One measure of complexity is how it scales to larger inputs. This is useful for planning the require hardware. All things being equal, something that scales relatively linearly is preferable to one which scales poorly. Things are rarely equal.
The other measure of complexity is a measure of how simple the code is. The code complexity is usually higher for programs with relatively linear performance complexity. Complex code can be costly maintain, and changes are more likely to introduce errors.
All three (or four) measures are useful, and none of them are highly useful by themselves. The three together can be quite useful.
The question could use a little more context.
In programming a real program, we are likely to measure the program's running time. There are multiple potential issues with this though
1. What hardware is the program running on? Comparing two programs running on different hardware really doesn't give a meaningful comparison.
2. What other software is running? If anything else running, it's going to steal CPU cycles (or whatever other resource your program is running on).
3. What is the input? As already said, for a small set, a solution might look very fast, but scalability goes out the door. Also, some inputs are easier than others. If as a person, you hand me a dictionary and ask me to sort, I'll hand it right back and say done. Giving me a set of 50 cards (much smaller than a dictionary) in random order will take me a lot longer to do.
4. What is the starting conditions? If your program runs for the first time, chances are, spinning it off the hard disk will take up the largest chunk of time on modern systems.
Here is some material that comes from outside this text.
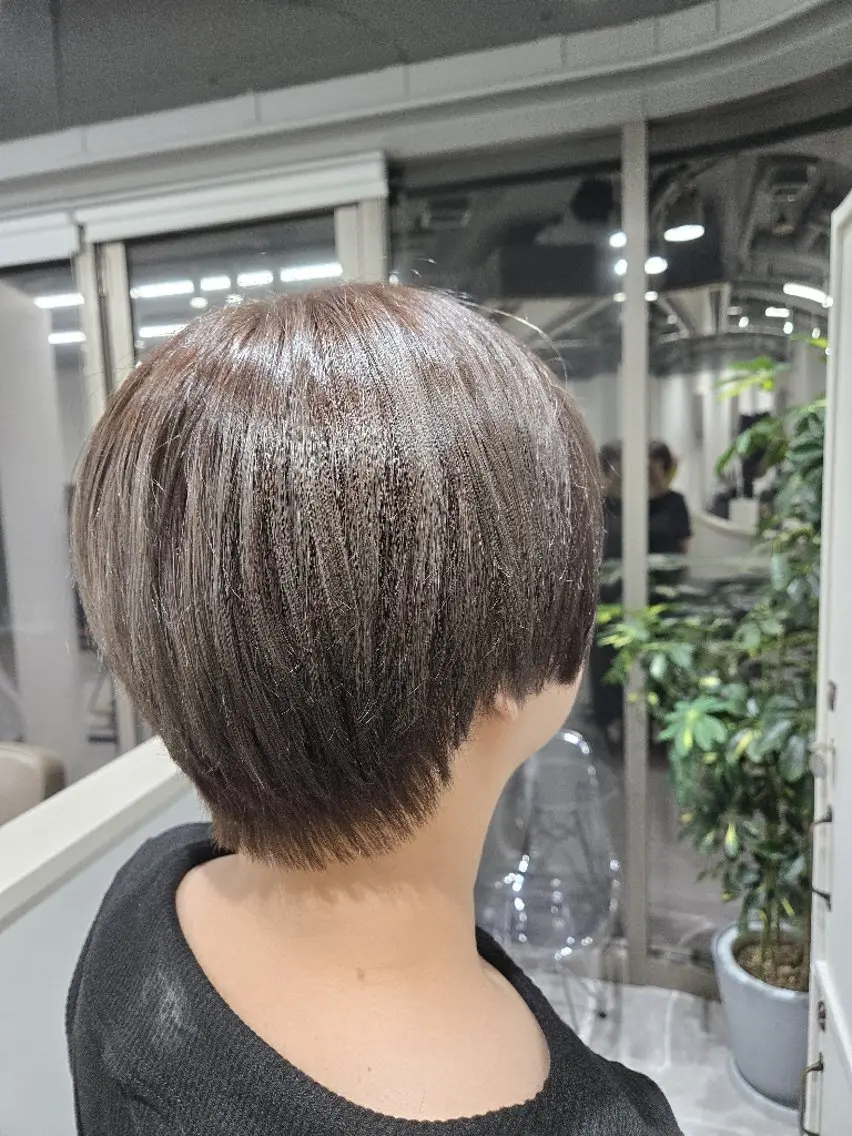 ショート カラー ショートヘア ショート/ボブ/中村 遥香 🧸🤍のヘアスタイル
Comparing two implementations with small inputs will likely have their differences masked by this.
Big O notation covers a lot of these issues.
1. Hardware doesn't matter, as everything is normalized by the speed of 1 operation O(1).
2. Big O talks about the algorithm free of other algorithms around it.
3. Big O talks about how the input will change the running time, not how long one input takes. It tells you the worse the algorithm will perform, not how it performs on an average or easy input.
4. Again, Big O handles algorithms, not programs running in a physical system.